My WH asked for a separation in April as he said he didn't feel loved. He said I was too busy with work, school, the house and our son to love him enough. He treated me very cold for several months until I left in June. We sought counseling over the summer and he continued to say how I didn't give him enough attention, that I didn't compliment him enough, that I was always too busy. We discussed why I was too busy, i.e.: he said he believed my 'job' was in the home and to take care of our children. That I should balance my energy so I had more time for him. I tried to see his point and worked on giving him more attention. We seemed to be progressing towards reconcilliation and I was to move home Oct 1st.

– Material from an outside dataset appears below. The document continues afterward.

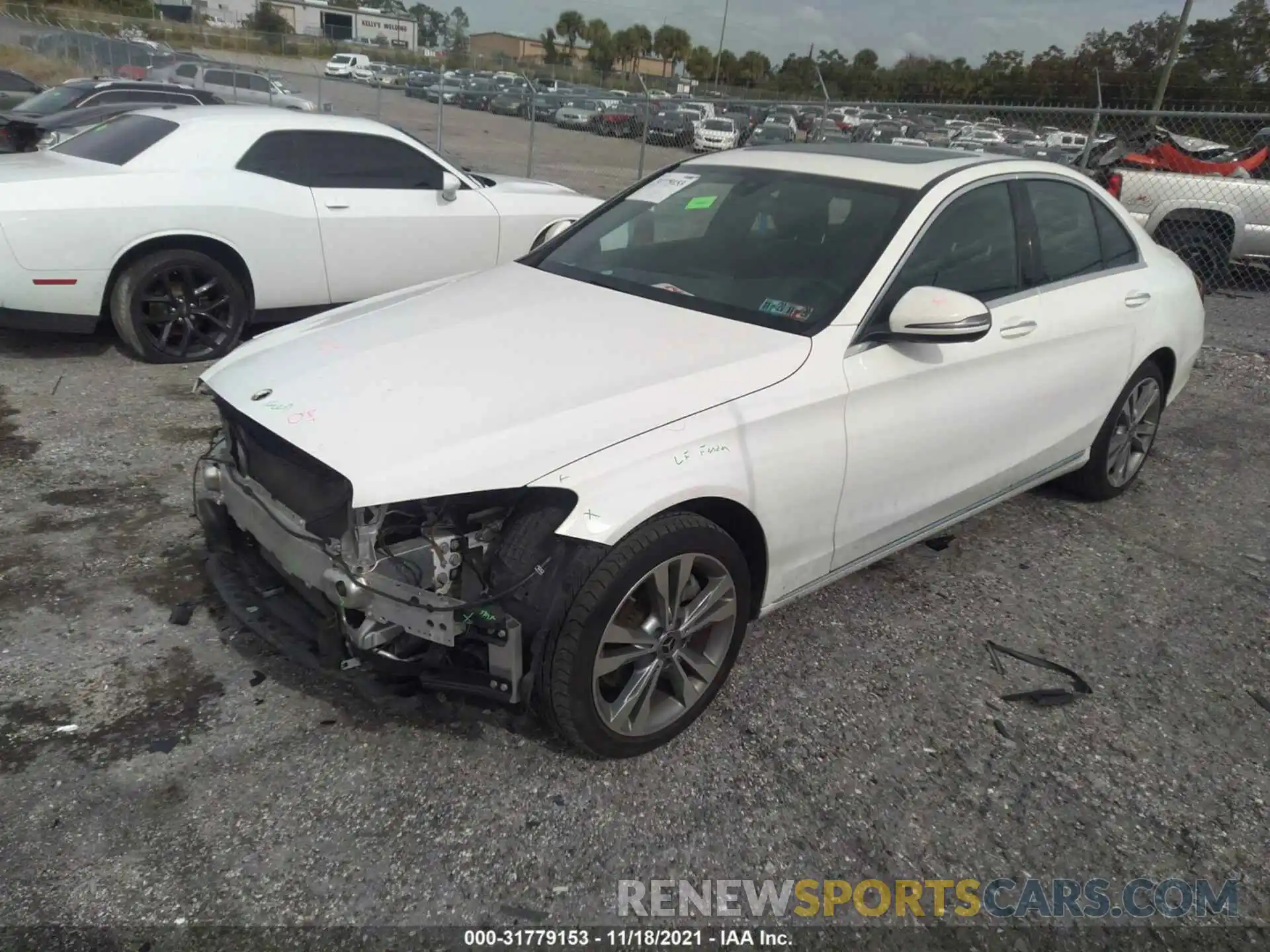 2 Photograph of a damaged car 55SWF8EB6KU292743 MERCEDES-BENZ C-CLASS 2019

On Sept 27th I found out he was having an emotional affair the whole time denying anything physical. He said he ended the affair and finally in Nov confessed to a physical affair.
He says he is a changed man, he now does laundry (his own and our sons as we are separated), has our son 50/50 (never changed a diaper or got up in night, never even held him until he was almost 5months old), he attended our son's activities & events (prior said it was my responsibility and was too busy), never missed a pick up after school (prior had never once picked him up as he couldn't get away in time from work), wants to do things as a family (use to take his vacations separate to work on his cars etc), shows up at my townhouse with flowers regularly (never gave me flowers or was romantic), he helps me during bad weather to get to work or clean off my car (never helped me with my car, said he shouldn't have to take care of me).
So now that he wants to reconcile he is this changed man? I wonder is this fake or real? I ask him why now, he said it was a wake up call loosing us and he was in a fog all summer and most of our married life. But it all seems too much?
So not only do I need to learn to trust him again, there is this new person that I need to fall in love with??
Did your spouse change and was it REAL?